Segment Open

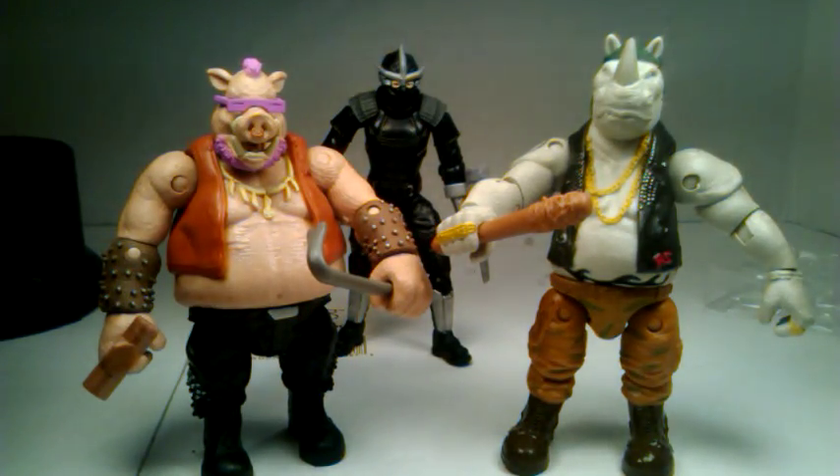What's up YouTube? This is C-Dawg and I'm back with another review — one of the first reviews of these guys I've seen on here. Check it out: Teenage Mutant Ninja Turtles Out of the Shadows.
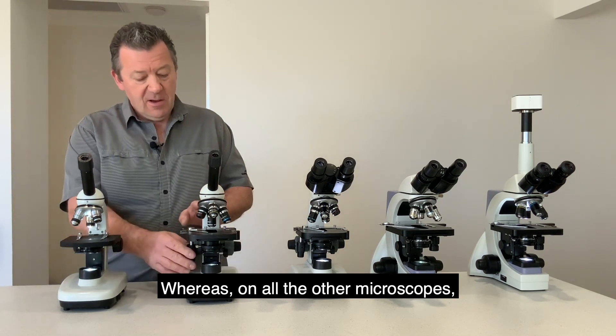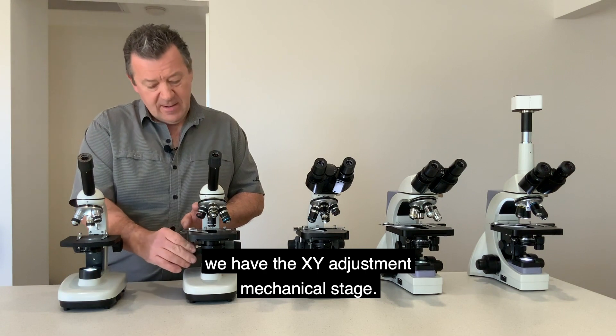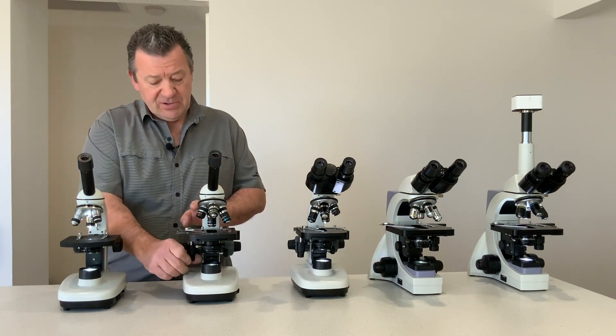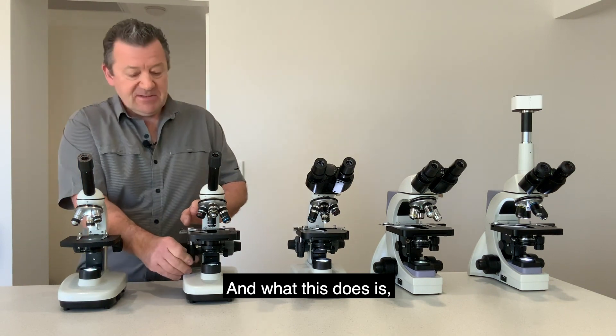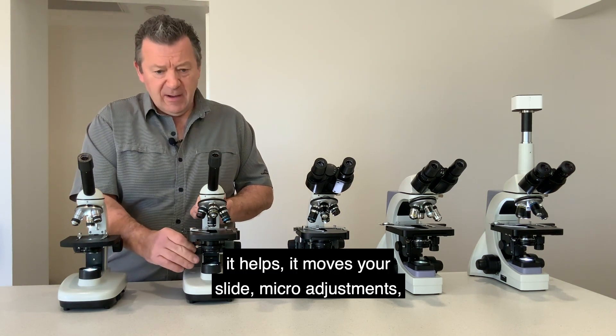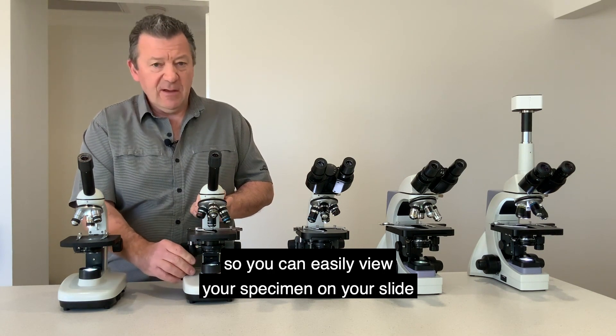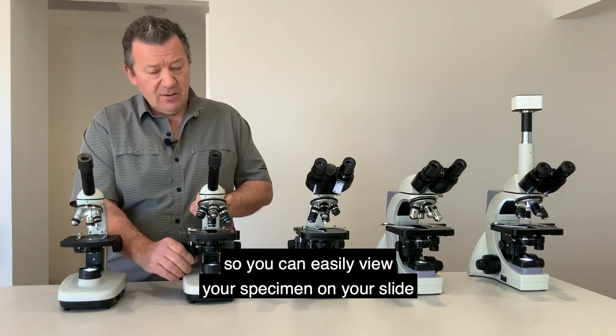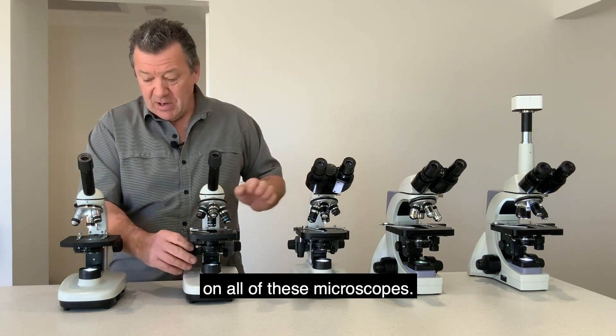Whereas on all the other microscopes we have the XY adjustment mechanical stage, which allows micro adjustments so you can easily view your specimen on your slide.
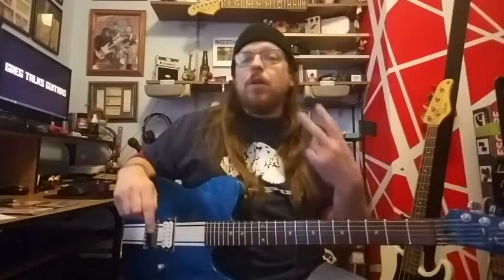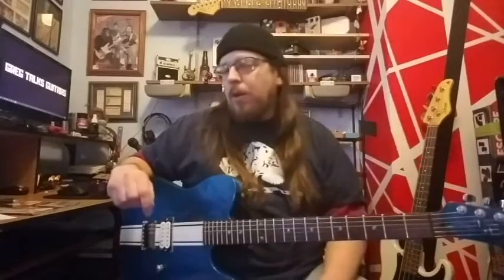Alright, if you are a beginner guitar player, you need to know two things. First of all, you need to know how to do power chords.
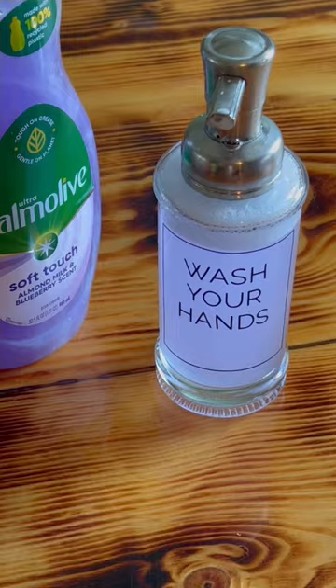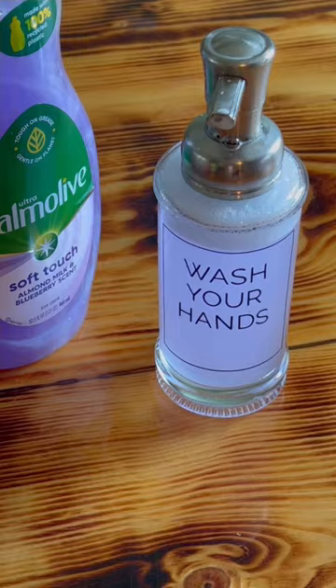I picked up this Palmolive almond milk and blueberry scent, and it smells like something I would have got at Bath and Body Works. I absolutely love it.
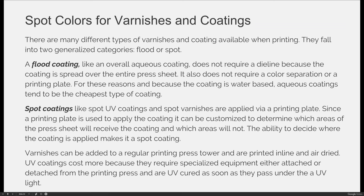You can also use spot colors to identify where a varnish and a coating is, and you would do that the same exact way that you created your die line. There are many different types of varnishes and coatings available when printing, and they fall into two generalized categories: flood or overall coatings, and spot coatings. A flood coating, like an overall aqueous coating, does not require a die line because the coating is spread over the entire press sheet.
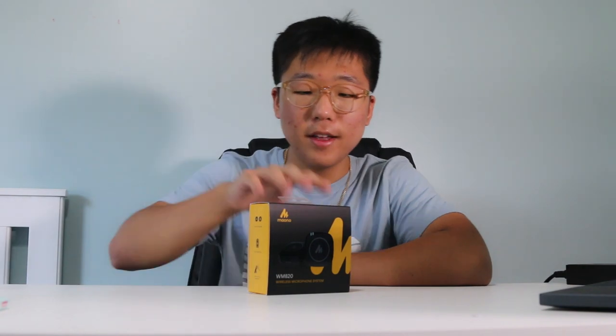Hey, what's up guys? It's me David back with another video. Today I'm doing an unboxing of this bad boy — this is the Maono WM820 lavalier microphone. It's a great little mic that I'm going to be unboxing today. Let's see how it is.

Segment Closed

▶ [What you are asked to do]: When you write out the material, keep every line exact and leave out each picture.

▶ [The answer]:
What's up YouTube? This is C-Dawg and I'm back with another review — one of the first reviews of these guys I've seen on here. Check it out: Teenage Mutant Ninja Turtles Out of the Shadows.
Whereas on all the other microscopes we have the XY adjustment mechanical stage, which allows micro adjustments so you can easily view your specimen on your slide.
Alright, if you are a beginner guitar player, you need to know two things. First of all, you need to know how to do power chords.
I picked up this Palmolive almond milk and blueberry scent, and it smells like something I would have got at Bath and Body Works. I absolutely love it.
You can also use spot colors to identify where a varnish and a coating is, and you would do that the same exact way that you created your die line. There are many different types of varnishes and coatings available when printing, and they fall into two generalized categories: flood or overall coatings, and spot coatings. A flood coating, like an overall aqueous coating, does not require a die line because the coating is spread over the entire press sheet.
Hey, what's up guys? It's me David back with another video. Today I'm doing an unboxing of this bad boy — this is the Maono WM820 lavalier microphone. It's a great little mic that I'm going to be unboxing today. Let's see how it is.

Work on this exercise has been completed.